That's geometer-talk, @r9m.

@Hippa Been there done that

robjohn

@Hippalectryon I think that there must be some history between her and Pedro that I don't know about for the reaction that happened. At the very least, I don't think she understood what he was saying.

Hippalectryon

If she were here we could ask >.>

Balarka Sen

It's Tao's right?

@robjohn Well she misunderstood a plenty of stuff we said.

It's not her fault of course. But I guess she could do thinking that she might be misunderstanding and act a bit less violently.

Hippalectryon

@BalarkaSen What do you mean ?

r9m

16:40

@BalarkaSen I got a different interesting problem though ! estimating average order of the function $f(n) = \max\limits_{p^\alpha || n} \alpha$ :) seems nice :D

robjohn

@r9m averaging over what?

Balarka Sen

@Hippa She mostly thinks that her interpretation of our statements are right and acts violently towards them, whereas (because she is not quite adept at English, so am I, so it's not her fault) the interpretation is not quite right.

@r9m Hmm.

r9m

@robjohn estimating the summatory function of $f$ .. $\sum\limits_{n \le x} f(n)$ ..

Balarka Sen

That looks like the p-adic norm.

robjohn

@r9m better than the Euler Maclaurin Sum Formula?

Balarka Sen

16:42

@robjohn Sure.

Wait

How do you propose to use EM here?

r9m

@robjohn oh ! but how do I use EM here ? :O

Balarka Sen

JINX

Hippalectryon

@robjohn What is the dimension of $\mathcal{S}_n(\mathbb{R})$ ?

robjohn

@r9m you said you were estimating $\sum\limits_{n\le x} f(n)$

Balarka Sen

$f$ being $\max_{p^\alpha || n} \alpha$

Otherwise for general $f$ Perron is far better than EM, though far tedious.

robjohn

16:44

@BalarkaSen Oh... okay. I didn't know what $f$ was

@BalarkaSen that depends on what "general" means

Balarka Sen

well if $f(n)$ grows like $O(n)$...

and the corresponding L-function has a good complex analytic representation

robjohn

@BalarkaSen is $p$ fixed?

Balarka Sen

Yes, it's a prime.

r9m

@BalarkaSen bringing it down to perron requires atleast finding a D-series for it .. I couldn't apply the Tauberian theorems either ,, I am more or less blank :(

Balarka Sen

$f(n)$ is the largest $\alpha$ such that $p^\alpha$ divides $n$.

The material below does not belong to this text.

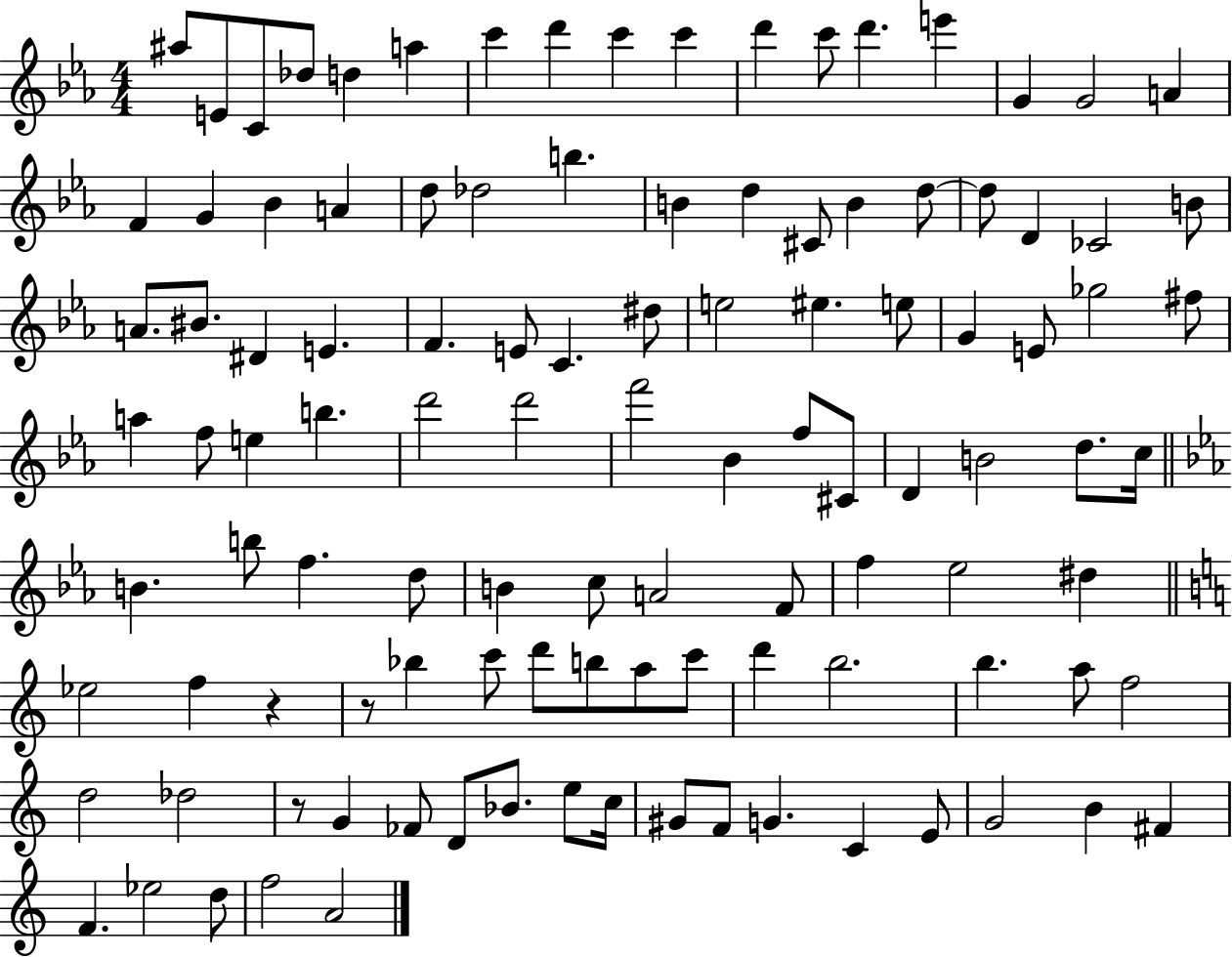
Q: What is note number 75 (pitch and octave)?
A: F5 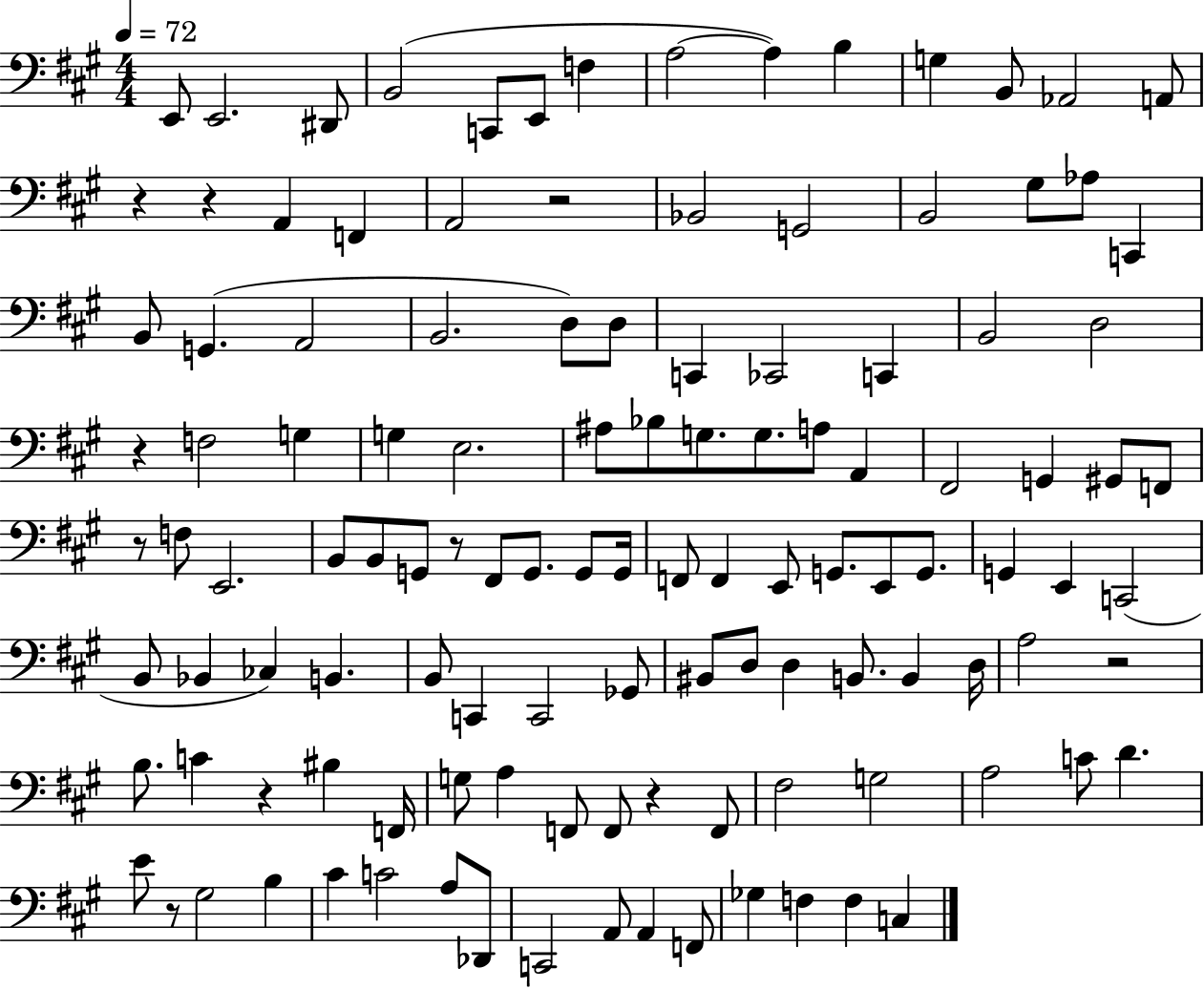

@r9m I hate Tauberian theorems.

Confuzzles me.

Have you inspected the arithmetic properties of $f$, @r9m?

r9m

16:48

@robjohn no no .. we are looking at the maximum of the powers in the prime factorization of $n$ .. $n = \prod\limits_{i=1}^{k} p_i^{\alpha_i}$ .. then $f(n) = \max\limits_{i=1}^{k} \alpha_i$

Balarka Sen

Oh OK

r9m

@BalarkaSen don't have much clue ..

Balarka Sen

I misunderstood it too :P

Formalize your notations dude

r9m

ah sorry .. should have mentioned we are looking at all prime factors on $n$ .. rather than a fixed prime ..

robjohn

@BalarkaSen Shouldn't that sum be somewhere close to $\frac{px}{(p-1)^2}$?

Balarka Sen

16:51

no idea

robjohn

@r9m oh, so $p$ is not fixed

Balarka Sen

@r9m $f(n^k) = kf(n)$

r9m

@robjohn yes ... sorry for the confusing notation ..

robjohn

@r9m so it's the greatest power of any prime that divides $n$

Balarka Sen

you might want to try looking at $f(nm)$ for coprime $m$ and $n$.

r9m

16:53

@robjohn yes !!

robjohn

@BalarkaSen that would just be the max of $f(m)$ and $f(n)$

r9m

@BalarkaSen thats just max{f(m),f(n)} right ?

Balarka Sen

yes, right.

hmm

$n < p^{\omega(n) \cdot f(n)}$. Does that even help?

We don't know $p$.

r9m

@BalarkaSen nah !! too large

robjohn

you'll probably need something deeper than I am familiar with to handle this.

Balarka Sen

16:57

$n < n^{1/2\omega(n) f(n)}$

that gives a dumb upper bound, right?

bah

Hippalectryon

@robjohn Have you seen my question ? :-)

robjohn

@Hippalectryon which one? your most recent one has an accepted answer

Hippalectryon

@robjohn Not that

23 mins ago, by Hippalectryon

@robjohn What is the dimension of $\mathcal{S}_n(\mathbb{R})$ ?

robjohn

@Hippalectryon what is $\mathcal{S}_n(\mathbb{R})$?

Hippalectryon

Symmetric matrices of size $n$

robjohn

17:07

@Hippalectryon over $\mathbb{R}$ it should be $\frac{n(n+1)}2$, I think

Hippalectryon

How do you show that ?

It would answer my last unanswered question on main

robjohn

@Hippalectryon write out a basis, show that for each element in the upper triangular part (including the diagonal), there is a basis element with a 1 there and a 1 in the symmetric spot

Hippalectryon

@MikeMiller ^

@robjohn I don't know any obvious basis of the symmetric matrices

@robjohn Oh wait -___-

It's quite logical

Since the lower half is determined by the upper half

robjohn

@Hippalectryon yes. Now just count the number of upper triangular positions.

Hippalectryon

Thanks ! It gives an easy answer to math.stackexchange.com/questions/1025189/…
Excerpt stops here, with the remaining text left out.